SOURCE MATERIAL:

····················

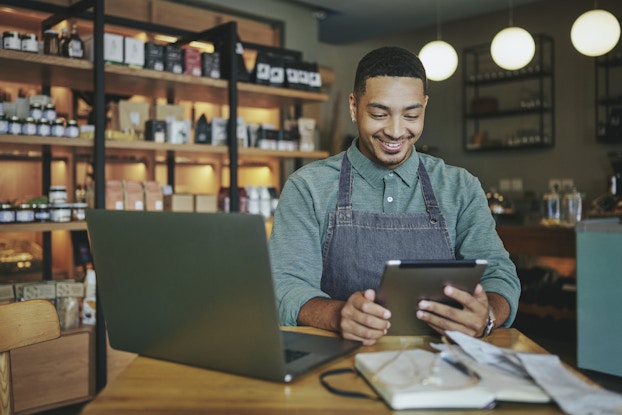  A man in a denim apron sits at a wooden table and looks down at the electronic tablet in his hands with a smile. The man has dark hair shaved close to his head and some light facial hair. On the table in front of him are an open laptop and an open notebook with a pair of glasses sitting on top of it. In the background is a gourmet food shop. One wall is lined with shelving units filled with jars, boxes, and bags of prepared foods. Globular light fixtures hang from the ceiling.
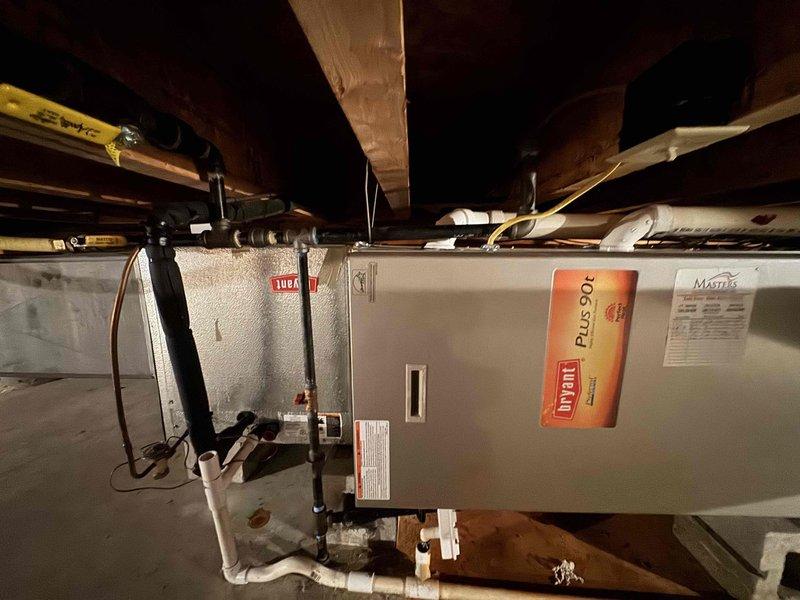 Responded to no heat call on Bryant Plus 90 gas furnace located in crawlspace. Upon arrival, found thermostat blank with no power. Traced issue to tripped circuit breaker or blown fuse at electrical panel. Reset breaker, restored power to thermostat and furnace. Verified thermostat display operational and system responding to temperature calls. Cycled furnace through complete heating cycle, confirmed ignition sequence, burner operation, and proper airflow. All safety controls functioning within normal parameters. System restored to full operation.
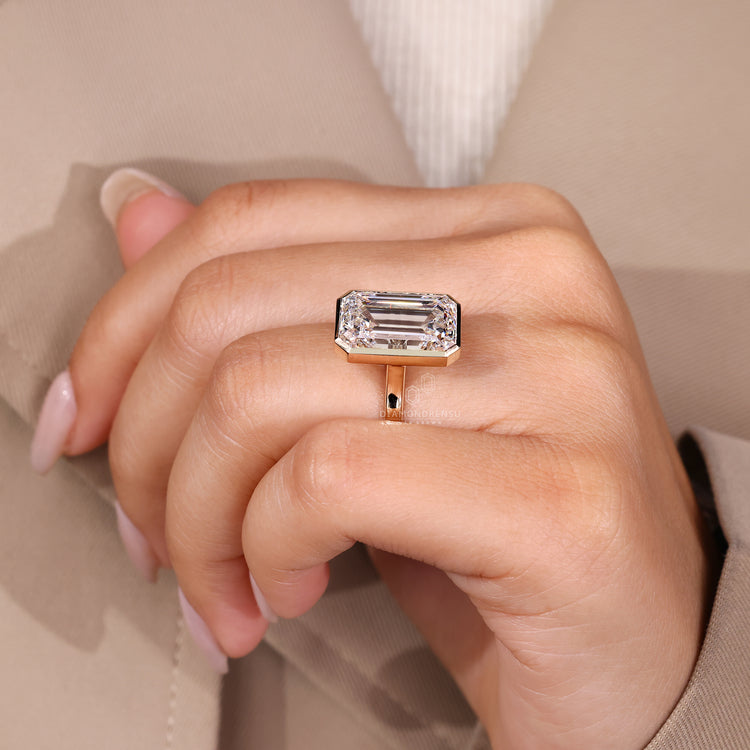 Handmade ring featuring bezel set emerald cut diamond.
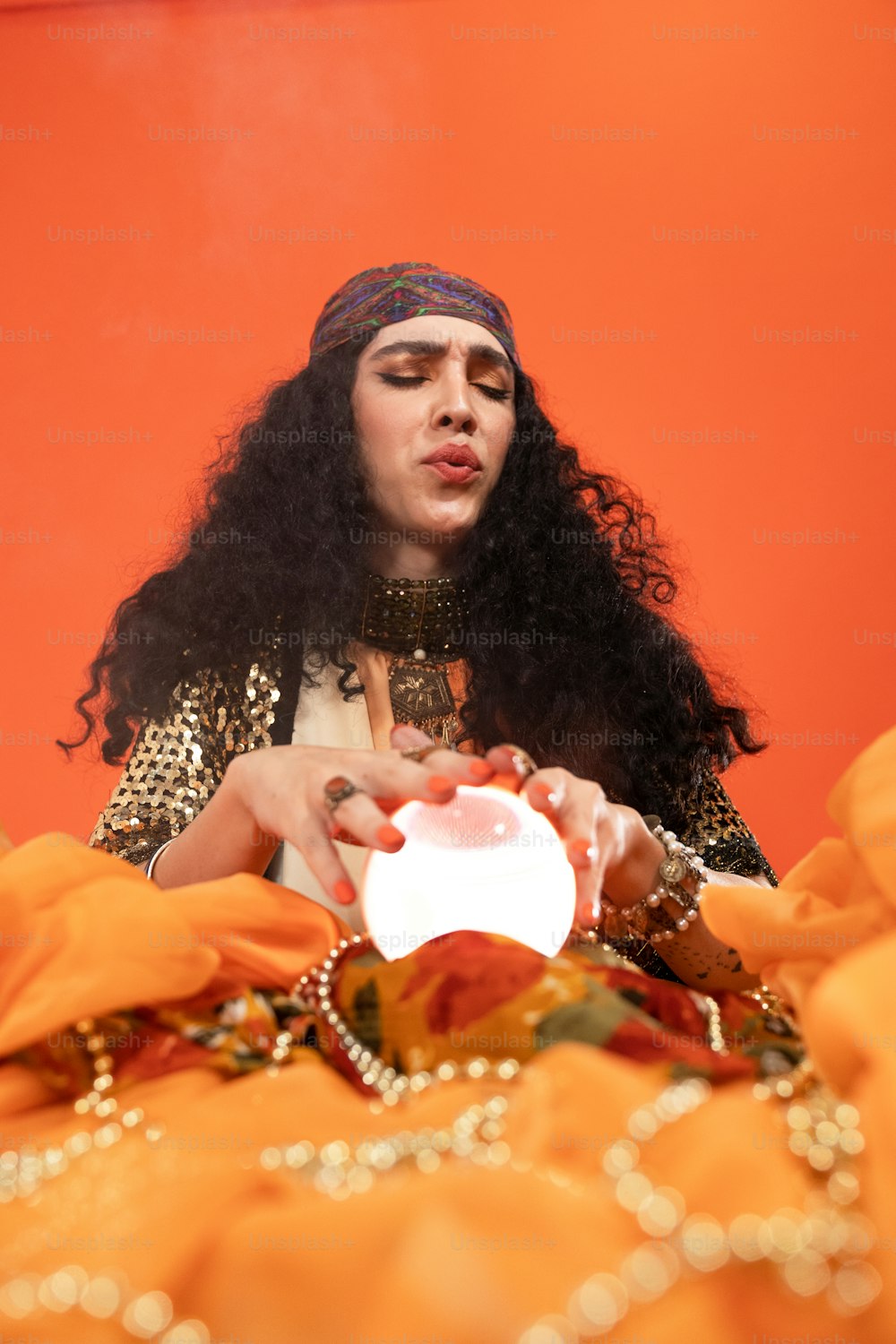 a person wearing a headdress holding a white bowl of gold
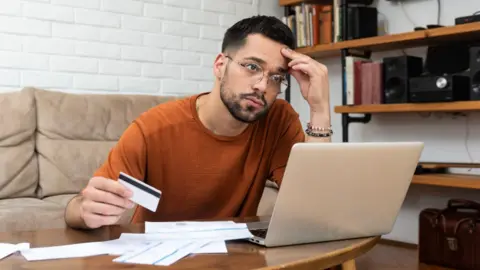 Getty Images Anxious-looking man sits behind a table in a living room, with a laptop, bills and a payment card in front of him.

····················

TASK DESCRIPTION: Pictures stay out; reproduce exactly the lines from the one containing "Handmade ring featuring" through the end of the data.

EXPECTED OUTPUT:
 Handmade ring featuring bezel set emerald cut diamond.
 a person wearing a headdress holding a white bowl of gold
 Getty Images Anxious-looking man sits behind a table in a living room, with a laptop, bills and a payment card in front of him.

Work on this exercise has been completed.